Four years later, he was proposing to me by a mountain stream in the Colorado Rockies. I knew he was going to on this trip, but he waited until we were packing to come home before he sneaked into my cabin and put the ring in my suitcase.
A year later, I found myself in a white gown by his side at the altar. We had 3 ministers participate in our ceremony. We had written a song together for our wedding, but pre-recorded it because we did not want to cry. Instead, we giggled like two little kids during the whole ceremony! My veil kept sticking to my eyelashes and was driving me crazy. During our vows I kept blowing it to get it off and almost made him laugh. Our video "professional" just about took out a candelabra, and during the unity candle lighting portion, my veil almost caught on fire!
We had our college buddies from our music group sing "The Lord Bless You and Keep You" from the balcony and He certainly has! Twenty-two years later, that day seems like yesterday. That girl with the 1980's bangs and too much eye shadow does not seem so far away!
I have officially known Bill more than half of my life. He has been part of it for so long that I barely have memories of anything that does not include him. Oh there is more of me to love now, less hair and certainly less eyeshadow, but the reasons we stood at that altar still remain, in fact, they have grown!
Shortly before we got married, my dad told both of us that we really did not know what love was, but that we would have to learn how to love each other. He was right, as parents often are, we had no idea that those feelings we felt on our wedding day would have to change in order to carry us through. Twenty-two years later, God is still teaching us how to do that!

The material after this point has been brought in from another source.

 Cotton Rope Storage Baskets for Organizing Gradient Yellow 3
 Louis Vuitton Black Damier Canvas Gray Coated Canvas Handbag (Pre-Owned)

People often say, in times like this, that they would not change a thing. Well, there are plenty of things I would like to have changed about the last twenty-two years, but then I would miss the opportunity to be changed. Those things and events that seem unfair or undesirable are what has made the two of who we are today. Our lives are so different than what they were then and without the hardship, there would be no chance for us to walk out my dad's advice. I am still learning how to love Bill and enjoying the journey!